I see two possible interpretations of this question.
You might be asking what could cause the downward velocity of a collapsing structure to increase with time, in which case the answer is
gravityWP.
On the other hand, you might be asking us to explain to you why velocities calculated by balanced (symmetric) differencing aren't the same as those calculated by simple forward or backward differencing, in which case the answer is that balanced differencing is a form of data smoothing that effectively degrades the resolution of your data by a factor of two.
Both interpretations of your question leave me to wonder whether your paper's first author might have been responsible for the technical aspects of your paper, with the second author brought in to handle the religious aspects.
This is the reason for regression analysis and when charting data like this it is the trend which is significant.
Nonsense.
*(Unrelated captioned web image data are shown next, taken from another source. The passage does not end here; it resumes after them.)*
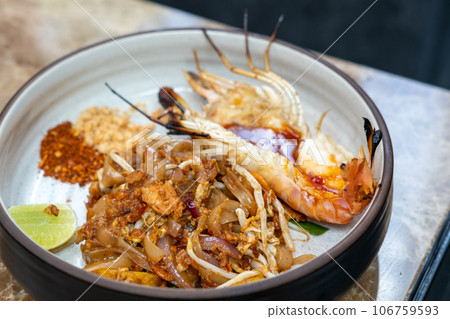 Pad Thai with river prawn serve on plate. It is a stir-fried rice noodle thai dish 106759593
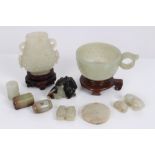 Collection of Chinese carved jade - to include two Archaic-style vessels with stud ornament,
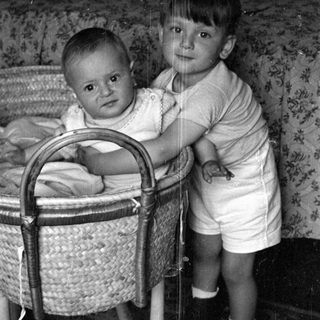 Young child standing beside a baby in a bassinet.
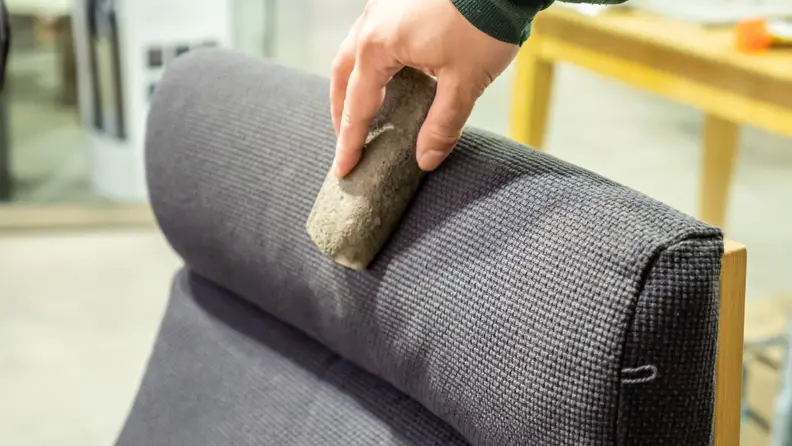 A person cleans a chair with the Fur-Zoff stone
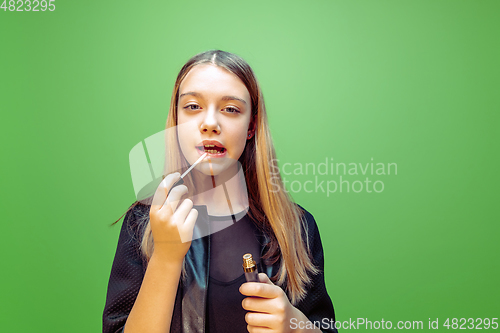 Image of Little girl dreaming about future profession of makeup and hairstyle artist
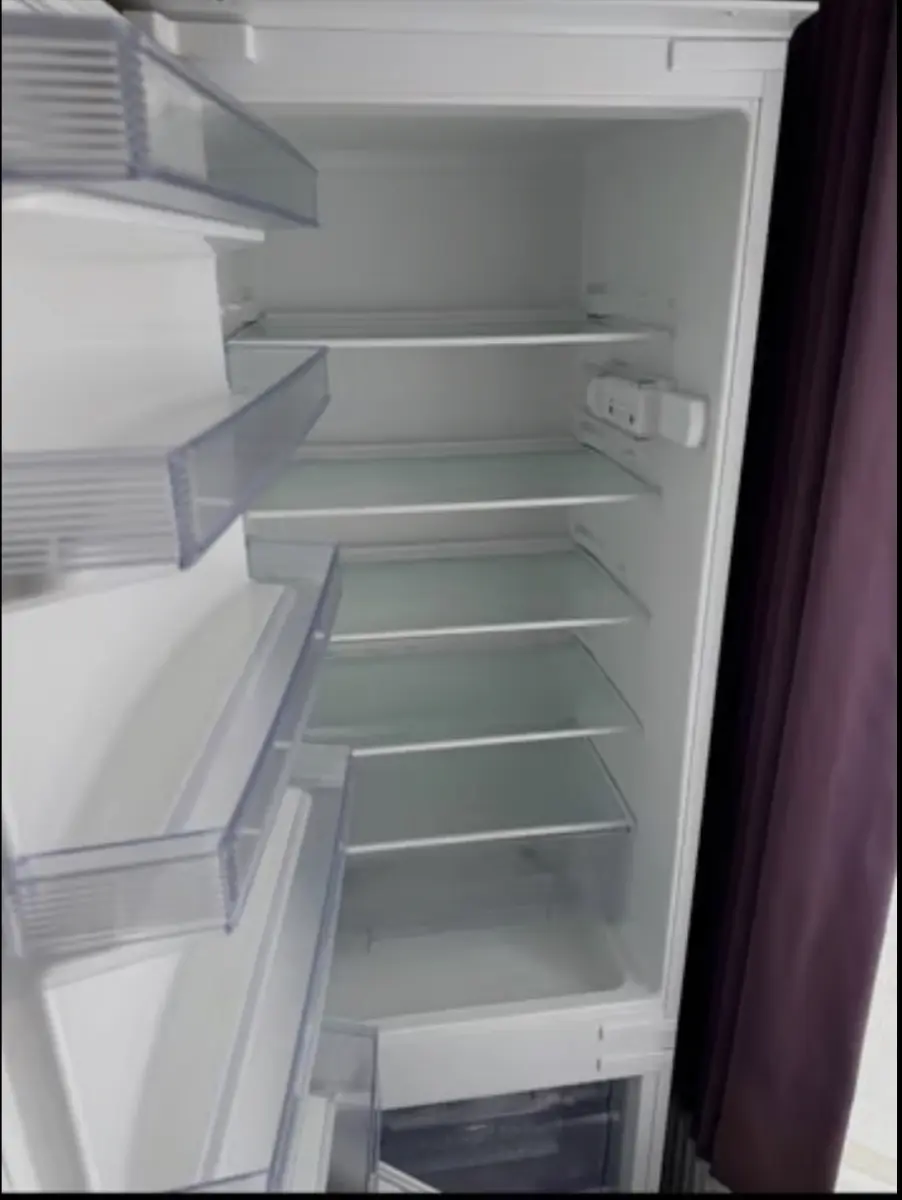Integrated fridge freezer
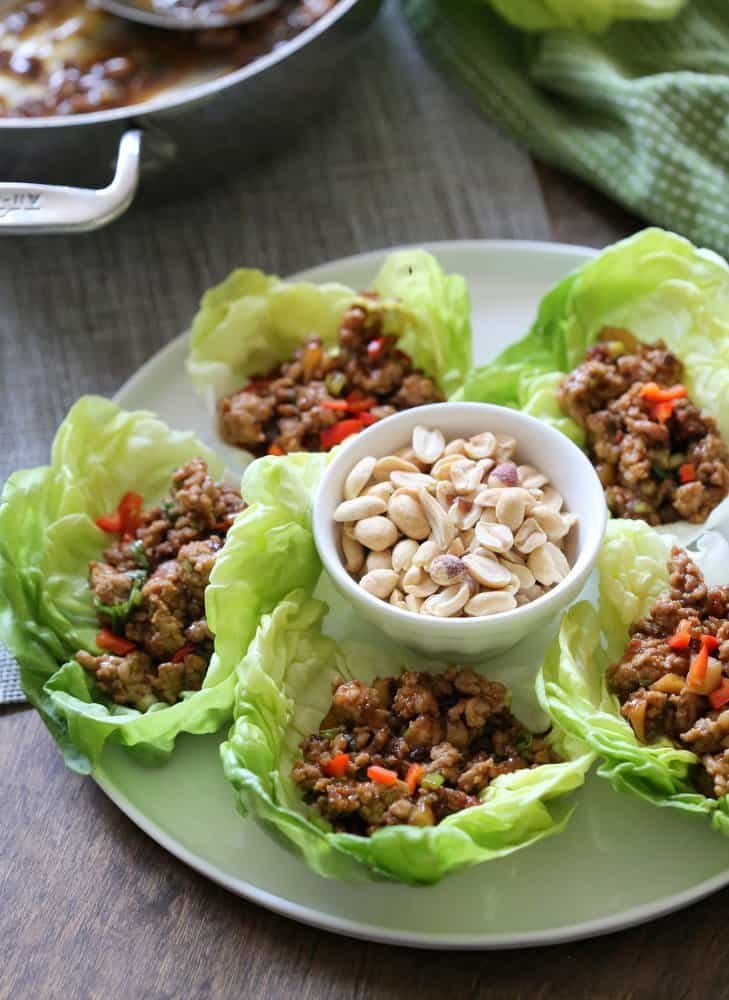 chicken lettuce cups on a white plate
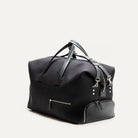 Voyagez avec classe grâce à ce sac de voyage noir en toile résistante. Il est équipé de poignées en cuir et de poches extérieures zippées pour une organisation facile. Son design épuré et fonctionnel le rend idéal pour tous vos déplacements, offrant un espace de rangement suffisant pour tous vos essentiels de voyage.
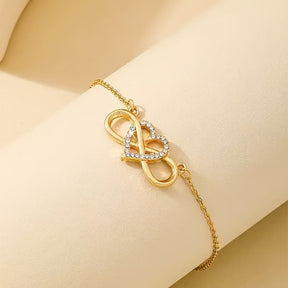 Bracelete Feminina Elegante com Pingente de Coração - Corrente Delicada com Detalhes em Strass, Presente para Dia dos Namorados, Aniversário ou Festa - Acessório Luxuoso e Charmoso para o Dia a Dia, Joia em Liga de Cobre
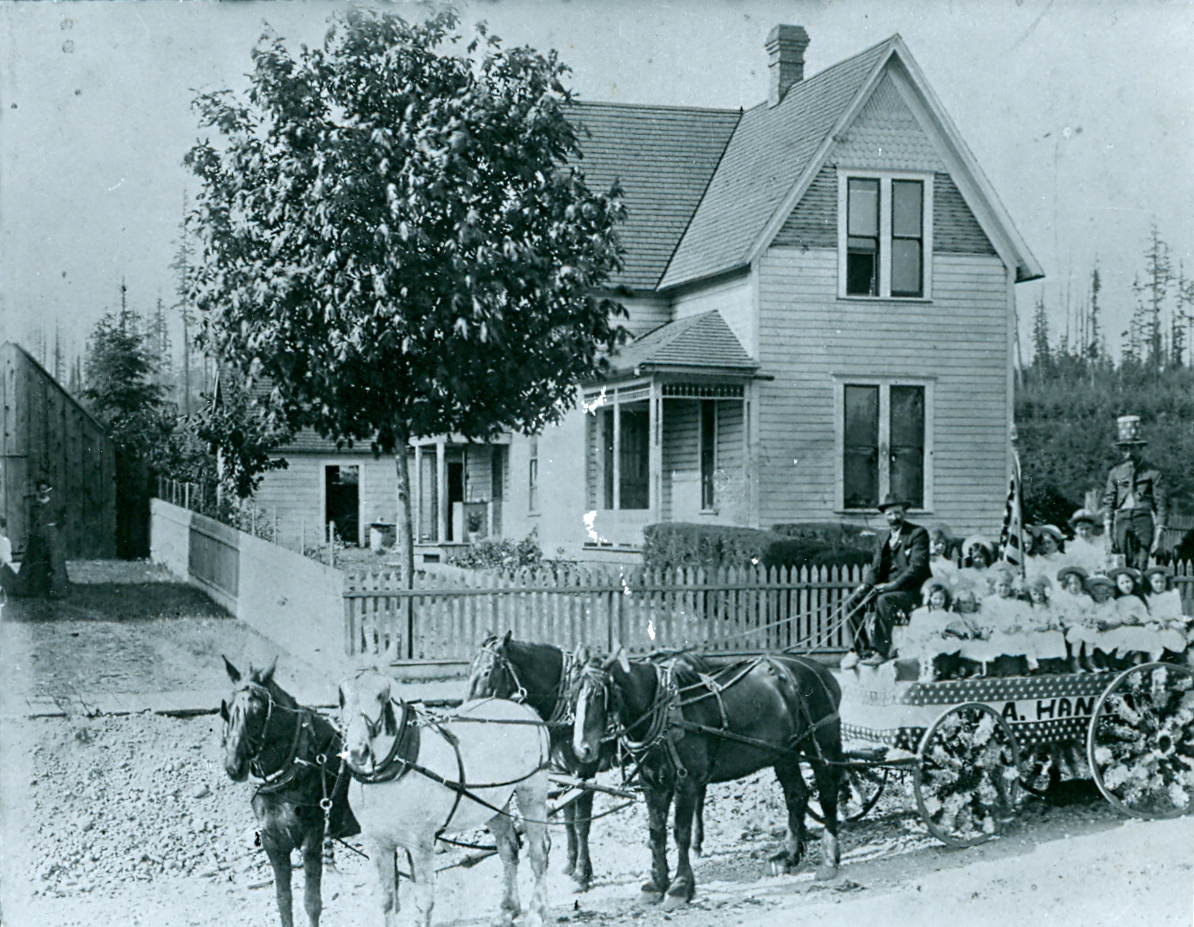 The W. A. Hannan float waiting in front of the W. A. Hannan house on Bothell's Main Street. Mr. Hannan operated a general store on Main Street, so the float represented his business. The people are unidentified, but it may be that W.A. Hannan himself is the driver (teamster), and his daughter Gladys may be seated just below his left side. Note the Uncle Sam costume on the man standing at the back of the wagon.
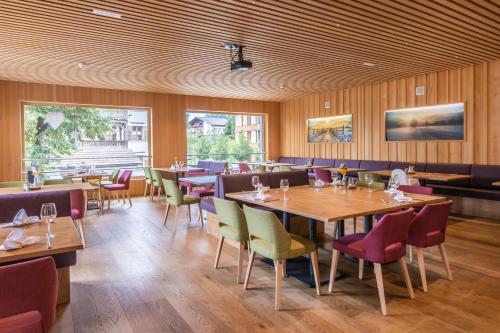 林格瑙阿德尔酒店的餐厅拥有木墙和桌椅
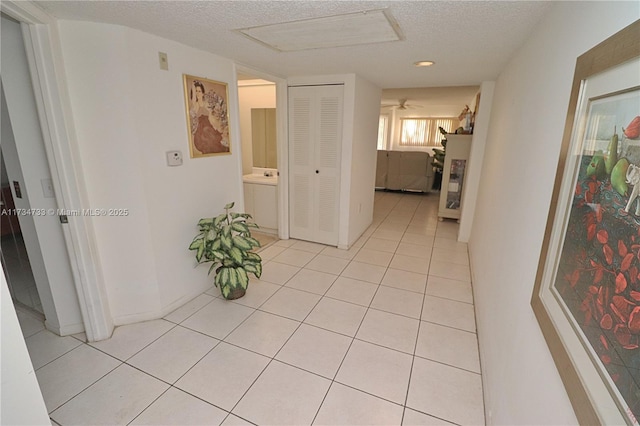 hallway with light tile patterned floors and a textured ceiling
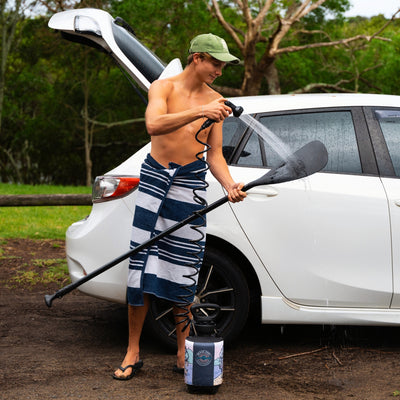 A shirtless young man wearing a green cap and a blue and white striped towel rinses a black paddleboard paddle with a coiled hose from a branded Beach Soul portable shower beside a white car with its trunk open on muddy ground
Everyone knows the trend (average acceleration) is about 0.7g. If that 0.7g trend were the only significant issue, we wouldn't be having this conversation.
The central question of your paper, silly though it be, is whether that 0.7g average is (1) a fairly smooth acceleration, as would be expected from the smeared-out collision caused by a tilt, or (2) the smoothed-out average of a jerky, jolting acceleration, as expected by MacQueen and Szamboti.
I am sure some here will say that the measurement resolution is not sufficient to discern whether or not a jolt took place,
Yes, there are competent people here. One of them (
Dave Rogers)
has analyzed the situation correctly.
but that is a feigned argument for two reasons: First is that the trend is obviously increasing, and secondly the size of the jolt required is much higher than what could be indicated by one data point.
(Insert laughing dogs here.)
"first is that the trend is obviously increasing"
The object is being accelerated downward by gravity. No one in his right mind would expect the smoothed trend of the downward component of its velocity vector to be anything other than increasing.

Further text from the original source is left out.